Rettungsanker Steuerzahler

BANKEN Das geplante Gesetz zur Restrukturierung wird Krisen nicht verhindern, kritisieren Sachverständige. Und die Bankenabgabe reiche nicht für mögliche Rettungsaktionen

Bis der Rettungsfonds voll ist, würde es bei der geplanten Abgabe 300 Jahre dauern

VON BEATE WILLMS

Die Bankenrettung war teuer: Auf zwischen 25 und 52 Milliarden Euro werden die Steuerzahler in Deutschland letztlich wohl sitzen bleiben. Um Ähnliches in Zukunft zu vermeiden, plant die Bundesregierung ein Insolvenzrecht, mit dem Krisenbanken saniert oder geordnet abgewickelt werden können. Finanziert werden soll das über einen Fonds, in den die Institute regelmäßig einzahlen. Das Banken-Restrukturierungsgesetz soll noch in diesem Jahr verabschiedet werden, damit es zum 1. Januar in Kraft treten kann. Überzeugt sind aber längst nicht alle. Bei einer Anhörung des Finanzausschusses am Mittwochnachmittag wurde der Entwurf von den Sachverständigen zerpflückt: Krisen würden nicht vermieden, sondern nur ihre Folgen bekämpft, die geplante Bankenabgabe sei ungerecht – und ungenügend.

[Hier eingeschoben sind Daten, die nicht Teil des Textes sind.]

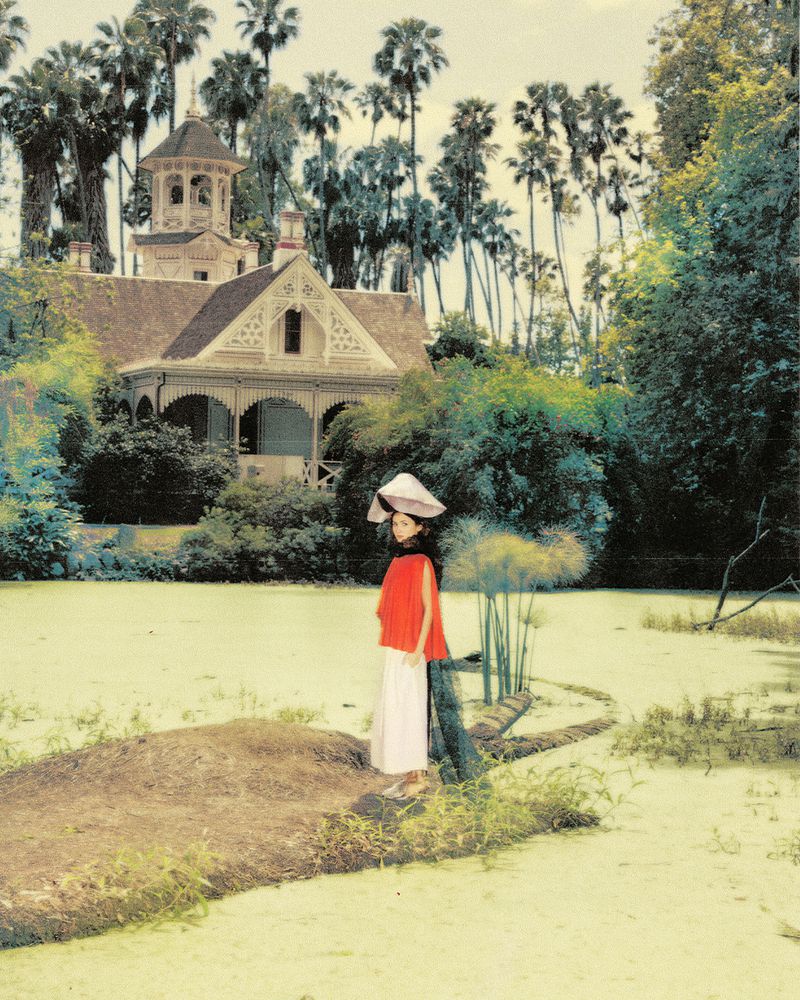 Maude Apatow standing by a pond wearing a red top and white skirt with a large hat, with a historic house and palm trees in the background.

Kommt der Gesetzentwurf durch, hat eine Bank in Schieflage künftig zwei Möglichkeiten: Sie kann bei der Bundesanstalt für Finanzdienstleistungsaufsicht (Bafin) Sanierungsbedarf anmelden und versuchen, sich in Eigenregie wieder hochzuwirtschaften. Tut sie das nicht, kann die Bafin selbst eingreifen, systemrelevante Teile abspalten und unter staatliche Kontrolle stellen sowie den Rest abwickeln.

Die Kosten dafür soll ein Restrukturierungsfonds übernehmen, in den alle Banken und Sparkassen einzahlen sollen. Reicht der nicht, muss der Bund einspringen. Dazu sollen Mittel aus dem Bankenrettungsfonds Soffin umgewidmet werden, der bis 2013 auch den neu zu gründenden Fonds verwaltet .

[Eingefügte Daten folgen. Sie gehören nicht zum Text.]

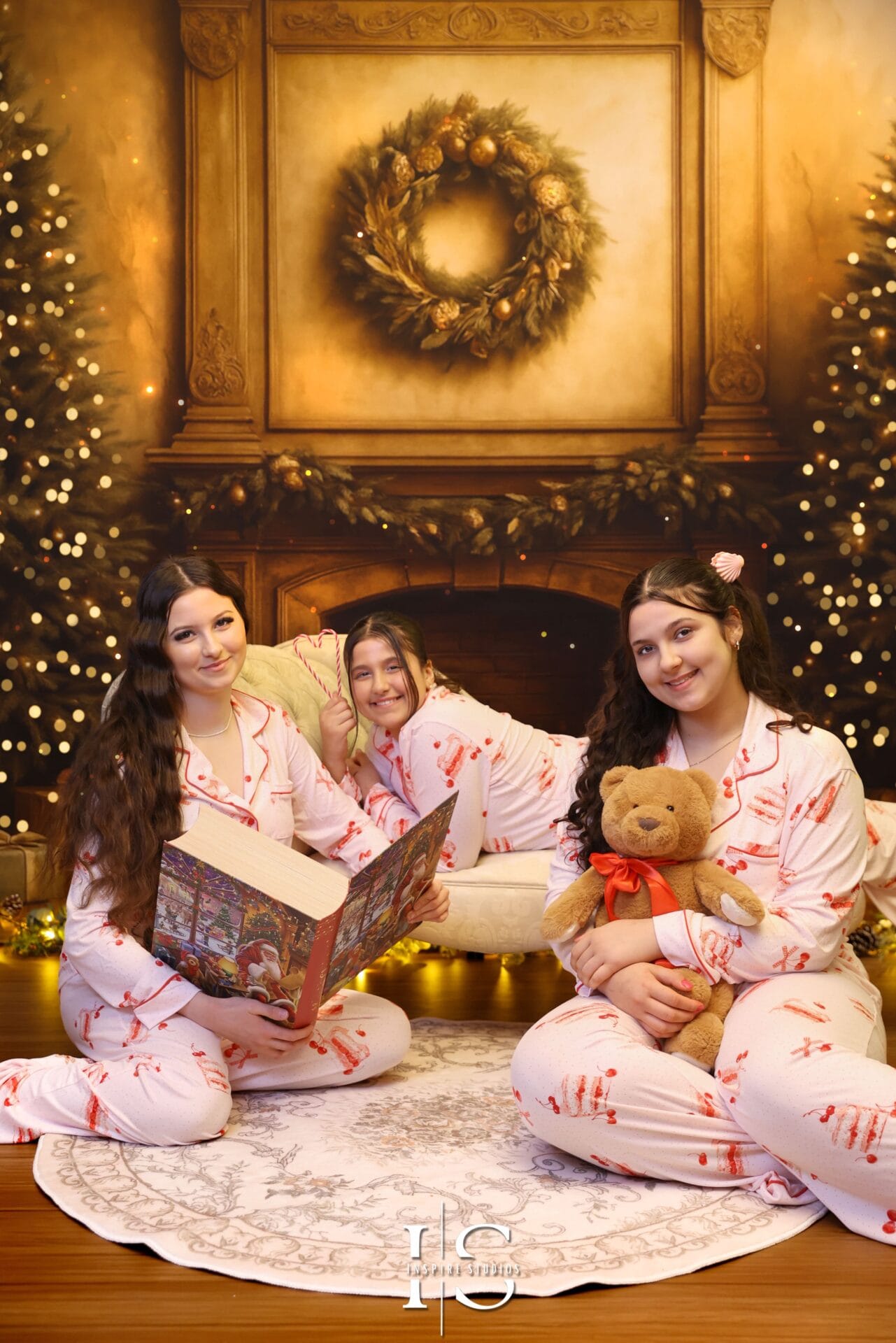 Elegant sisters Christmas portraits in a luxury holiday studio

Er sehe „keinen wesentlichen Fortschritt“ im Vergleich zum geltenden Insolvenzrecht, sagte Martin Hellwig, Direktor am Max-Planck-Institut zur Erforschung von Gemeinschaftsgütern in Bonn. Den Zusammenbruch der HRE etwa hätte man damit nicht verhindert. „Das Gesetz setzt viel zu spät ein“, bestätigte der Bremer Finanzwissenschaftler Rudolf Hickel – wenn die Krise schon da sei. Das Problem, dass Banken zu groß sein können, um sie pleitegehen zu lassen, bleibe bestehen. Dass es auch anders geht, zeigen die USA. Im Juli verabschiedeten sie den Dodd-Frank-Act, der unter anderem große Investmentbanken wie Goldman Sachs und JP Morgan verpflichtet, Teile ihres Geschäfts zu verkaufen.

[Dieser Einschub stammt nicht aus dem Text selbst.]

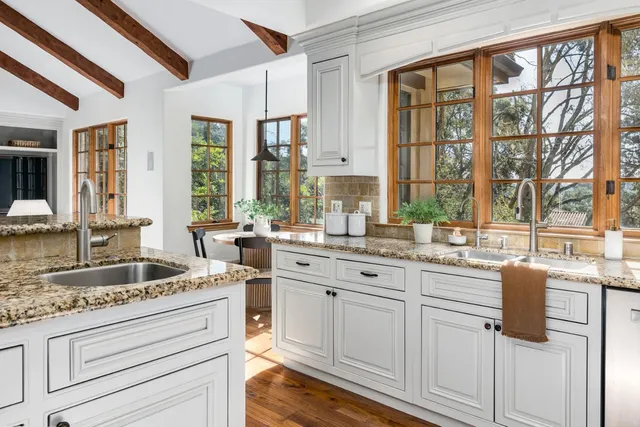 a view of a dining room with furniture large windows and wooden floor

Deutsche Großbanken können sich also freuen. Dagegen kämen Sparkassen und Genossenschaftsbanken schlecht weg, erklärte Hickel: Dass sie in den Restrukturierungsfonds einzahlen müssten, sei „unsinnig und ungerecht“. Weil sie sich auf Kreditvergabe und Privatkunden konzentrieren, hätten sie die Finanzkrise nicht zu verantworten. Zudem verfügten sie bereits über ein komplettes Sicherungssystem, das einspringt, wenn ein Institut Probleme bekommt.

Wolfgang Gerke, der Präsident des Bayerischen Finanz Zentrums, meinte, immerhin sei die geplante Bankenabgabe „ein Signal“. Den Steuerzahler entlasten werde sie jedoch nicht. Tatsächlich macht die Bundesregierung keine Aussage, welche Einnahmen sie erwartet. Nachdem sie im ersten Entwurf von jährlich 1,3 Milliarden Euro ausgegangen war, musste sie auf eine Anfrage des SPD-Finanzexperten Carsten Sieling kürzlich einräumen, dass bei der geplanten Abgabenhöhe 2008 nur 300 Millionen und 2009 nur 500 Millionen Euro eingenommen worden wären. Um damit die 120 Milliarden Euro zu erreichen, die Otmar Issing, der Leiter der Expertengruppe zur Bankenabgabe, für nötig hält, würde es 300 Jahre dauern.